TASK OBJECTIVE. So that the copy stays text only, transcribe the data below exactly and exclude the images.

DATA EXCERPT.
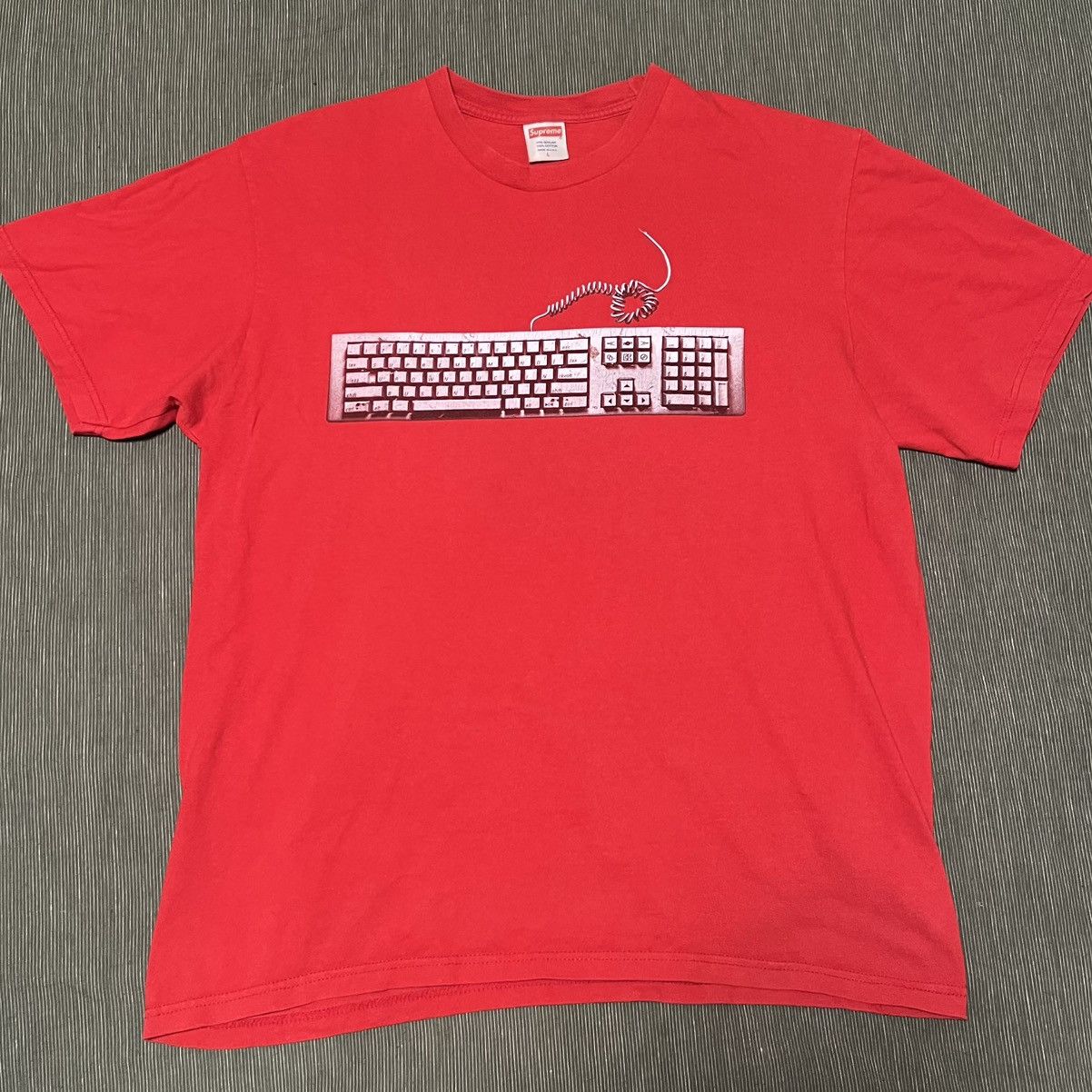 Supreme Supreme Keyboard Tee Size US L / EU 52-54 / 3 - 1 Thumbnail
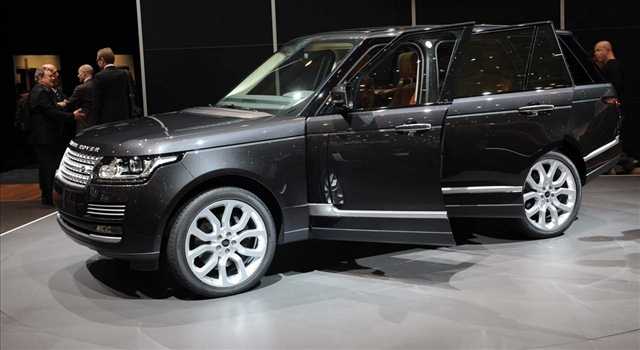 Stand Land Rover al Salone di Ginevra 2013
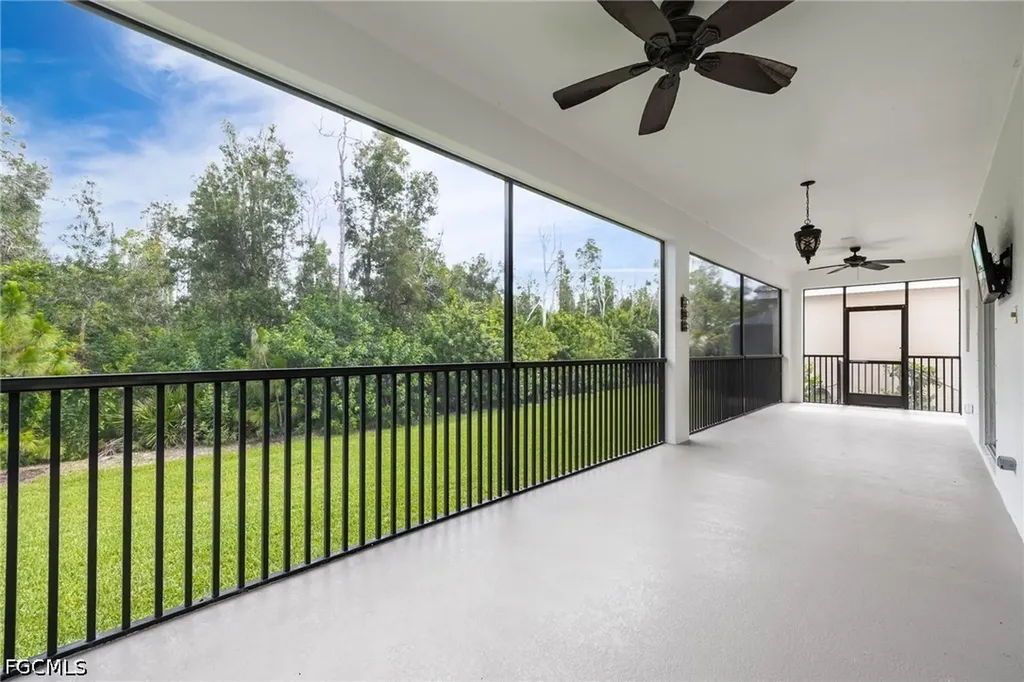 8724 Banyan Bay Boulevard Fort Myers FL 33908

RESPONSE.
 Supreme Supreme Keyboard Tee Size US L / EU 52-54 / 3 - 1 Thumbnail
 Stand Land Rover al Salone di Ginevra 2013
 8724 Banyan Bay Boulevard Fort Myers FL 33908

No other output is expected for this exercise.